Yes, this. Given my older eyesight, having reader mode set to an easily legible larger size makes lots of simple web pages much more readable for me.

Why would some special mode be needed? I use ctrl+ to get a font size I like, then I set my browser window to a size where the text reflows to what I like. HTML is made to make it easy for the reader. And equally easy on mobile (phone, tablet)
Yeah, sometimes I use that for a site that is otherwise well formatted but the font is just small. For sites I visit often I just save that as a site specific preference so I do agree with you in some cases.

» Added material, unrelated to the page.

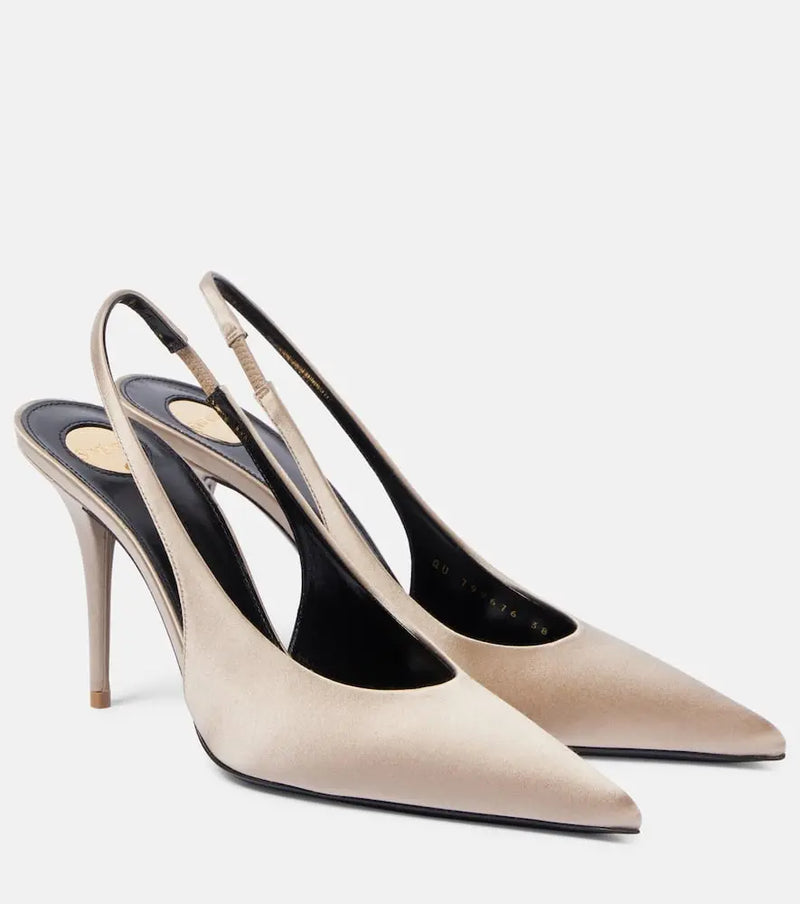 Saint Laurent Norma 90 satin crêpe slingback pumps | LYBSTORE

However, with reader mode it goes straight to my preferred font size, has nice margins, and basically everything is formatted in a very readable way. It still reflows and changes width with the window, but the rest of the formatting is better as well. I really hate text that goes right to the edges of the windows with no margins. Just a personal preference, but for me the quickest path to dramatically improved readability on some sites is reader mode.

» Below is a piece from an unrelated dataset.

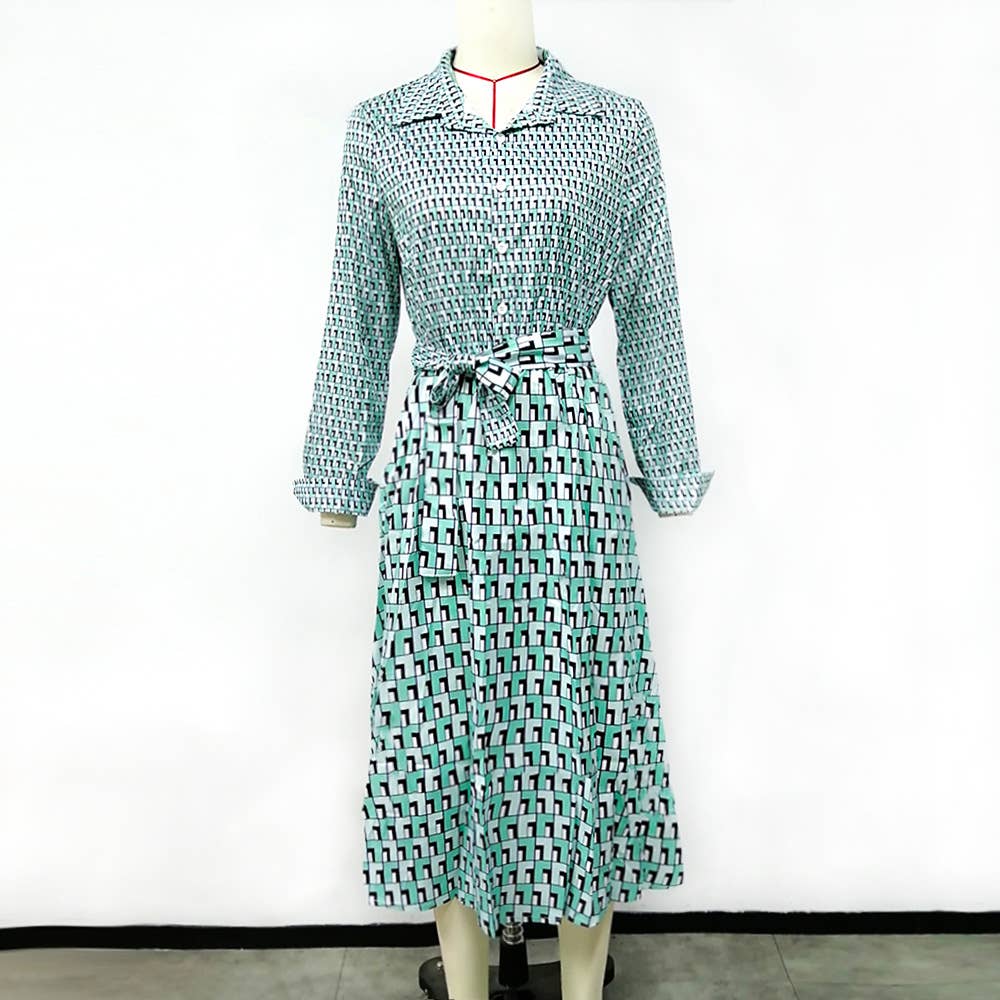 PLAID PATCHWORK LACE-UP LONG-SLEEVED DRESS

Tbf, I HAVE encountered sites where zooming in makes it even less readable/prevents zooming/adjusts the font size to be roughly the same when you zoom in.
Yes, and that's why just HTML (without js unwished-for enforcement) is great.
I wish I could upvote you a thousand times. I hate it when pages have a fixed width -- that's what reflow is for. Let ME choose how I want to read the content.
Did you try resizing your window?
Sure, but I use a tiled window manager and normally have my browser on its own screen so it takes up the whole screen. Even with a narrower window, it's easier to read text when there's a margin also.

But like you say, not a really big deal. There's always reader mode, or local CSS overrides.

I like websites like this.

Simple fast, and, as you say, you can use reader mode.

Some people have blogs like this arguing that the user should have the power to customize his experience, for example, using a custom CSS. So they deliver plain html, with a very basic CSS sheet.

Apart from the point of reflow mentioned in sibling comments, it is also less distracting. I am not wowed by the beauty and cleverness of the CSS, so I'm actually paying 100% attention to the content.
Why reader mode?! It simply strips all styles and only retains contents. This webpage has no style, so reader mode should do nothing. If you see differences, it means your browser has different defaults for reader mode and normal mode. Choose which you like most and set it as default.
I suspect because reader mode has a reasonable max line lenght, and OP was complaining about that not being set on the page.